Eames hails a cab and gives the driver an address Arthur recognizes as being near JFK International. Their destination turns out to be a dingy fast food joint which is remarkable only in how entirely nondescript it is. Arthur orders a burger which tastes a bit like a burger and mostly like very bland gravel.

He keeps himself from complaining by cataloging the quick looks Eames is sending his way, each less surreptitious than the last and all of them nervous. Arthur isn’t an idiot. Something is going to happen, and it is going to happen while he’s sitting in a diner someone could have assembled out of a cardboard box, aching.

“What I’ve just done,” Eames says, sounding absurdly careful, “is illegal. Very illegal.”

Arthur does not dispute this. There is nothing to dispute, save the pronoun. He bends his head toward the table and begins tearing at the edges of his napkin instead, fraying it.

“I can’t really stay here any longer,” Eames says. Arthur freezes, and feels oddly like a marionette when he raises his head slowly, slowly, to look Eames in the eye.

“I feel it would be unwise, that is,” Eames says. “And I am going to leave. I thought you might like to come along.”

You make no sense at all, Arthur thinks, but it is such a lie, and he isn’t tempted in the least to give it voice.

“I haven’t got anything I’d need,” he says, in a voice which is very much not shaking. He is acutely aware that he is not saying ‘no.’ “Not my passport, not my ID-- not anything.”

“I may or may not have that taken care of,” Eames says, “by which I mean ‘I have that taken care of.’”

He’s pushing something across the tabletop. It’s a passport, Arthur realizes, for someone named Arthur Davidson. He doesn’t bother pointing out that his last name isn’t Davidson; it’s painfully obvious that that is the point.

“There are plenty of opportunities for men with our particular skills,” Eames says. “And I think you’d honestly enjoy some of the work.

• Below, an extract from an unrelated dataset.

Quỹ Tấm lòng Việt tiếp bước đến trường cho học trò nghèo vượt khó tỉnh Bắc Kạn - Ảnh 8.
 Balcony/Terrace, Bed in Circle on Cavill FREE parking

You should know that I’m avoiding making a truly cheesy remark right now about how I prefer not to work solo.”

“Duly noted,” Arthur says.

“There’s an ID as well,” Eames says after a moment’s pause, “and should the need arise-- which it probably will, someday-- a birth certificate, a social security card, and transcripts from kindergarten through university.”

“Where did I go to school?” Arthur asks absentmindedly, staring down at the person he needs to be.

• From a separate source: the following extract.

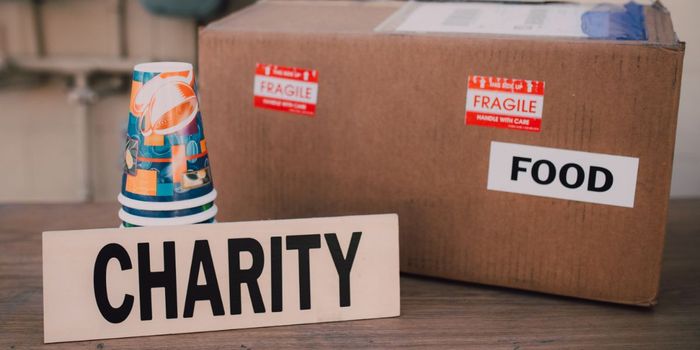 Selflessness Linked to Resilience in Tough Times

“Brown. You didn’t fit in at first, but they learned to appreciate you they way they should,” Eames says. Arthur supposes that was the first compliment anyone has ever given Arthur Davidson, and finds himself smiling.

------

“I never asked you your first name,” Arthur says when they’ve arrived at their gate. Eames sinks into an airport chair and smiles up at Arthur, not bemused or wry or even teasing, but happy. Arthur has a moment of unrepentant sentimentality and has to breathe carefully.

“It doesn’t matter,” Eames says. “It’s different now, anyway.”

Arthur kisses him at Gate 16D of John F. Kennedy International Airport, in front of the flight attendants and God and everyone, and thinks that Arthur Davidson, whoever he is, has extraordinary luck.

(When Eames pulls him down for a second kiss, Arthur doesn't bother thinking about anything at all.)